# ASSIGNMENT
Pictures do not belong in your copy. Repeat all the other data exactly.

# DATASET EXTRACT
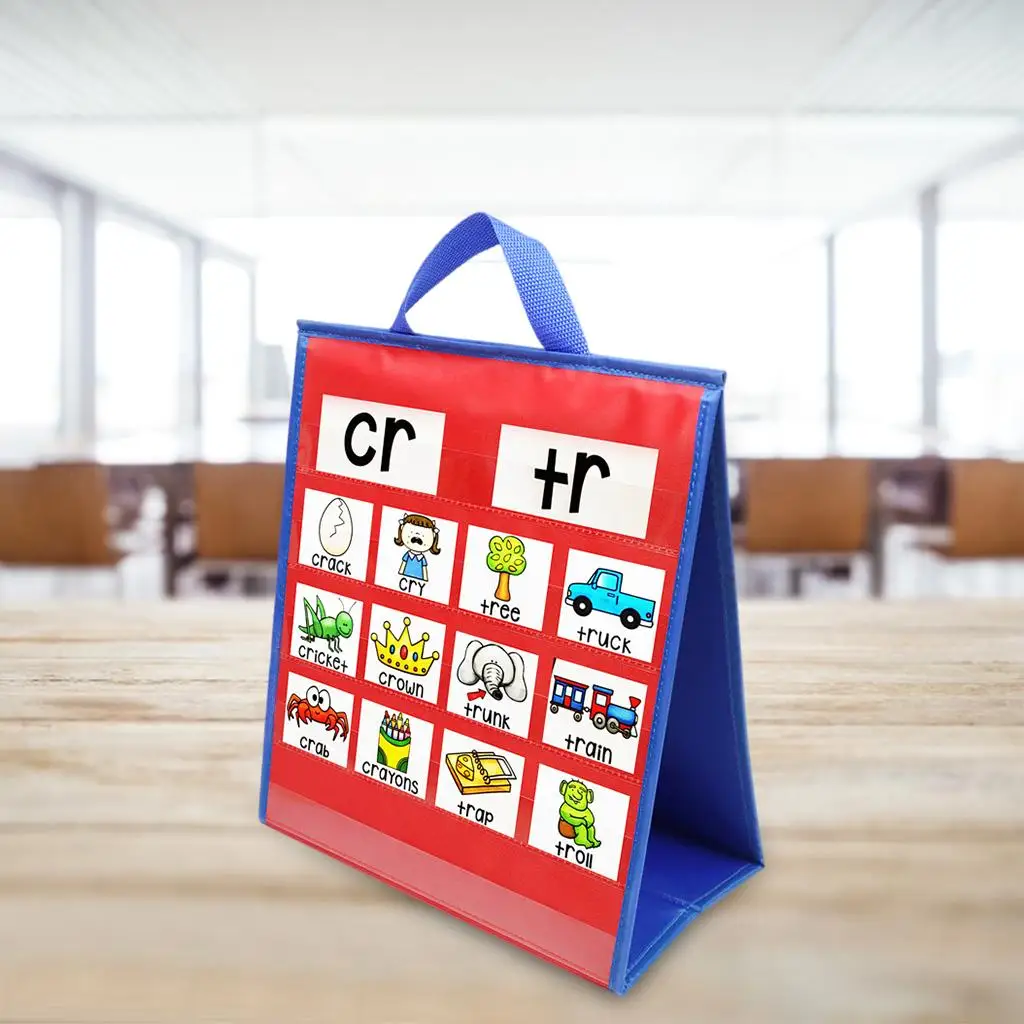 Wall Hanging & Self Standing Table for Classroom, Desk, Office Double Sided Words, Numbers, Cards Holder Teaching Chart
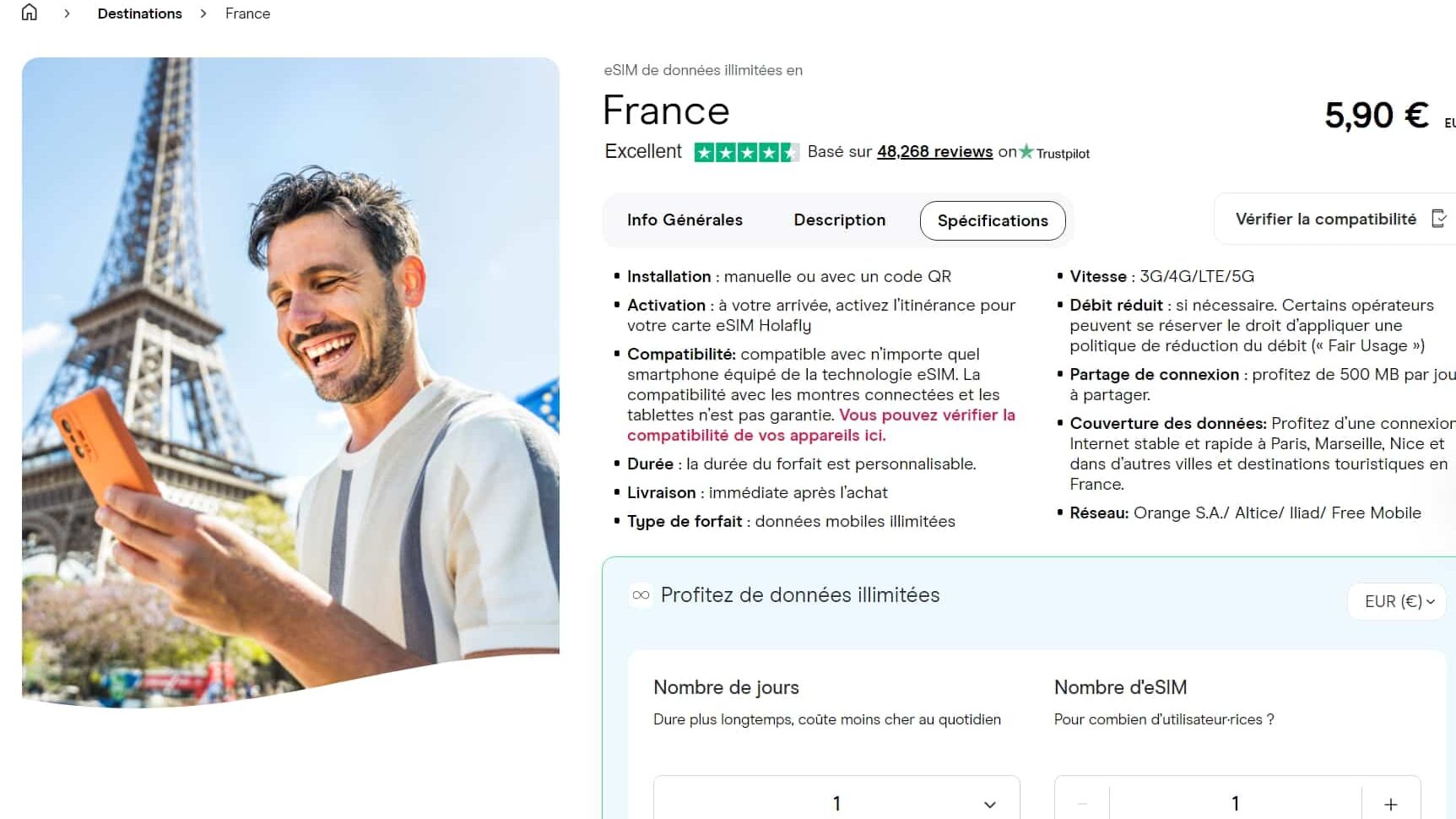 Tarif de Holafly eSIM en France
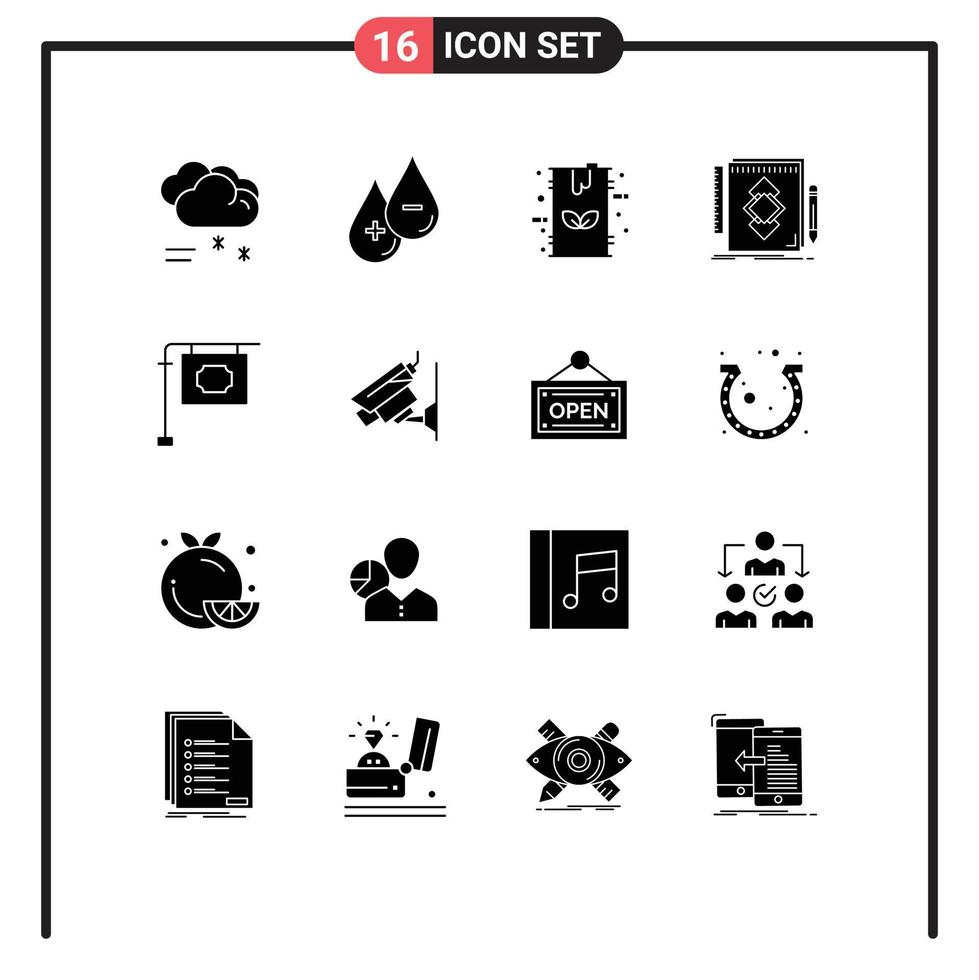 grupo de símbolos de ícone universal de 16 glifos sólidos modernos de ferramenta de desenho menos elementos de design de vetores editáveis de combustível de design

# PROBLEM SOLUTION
 Wall Hanging & Self Standing Table for Classroom, Desk, Office Double Sided Words, Numbers, Cards Holder Teaching Chart
 Tarif de Holafly eSIM en France
 grupo de símbolos de ícone universal de 16 glifos sólidos modernos de ferramenta de desenho menos elementos de design de vetores editáveis de combustível de design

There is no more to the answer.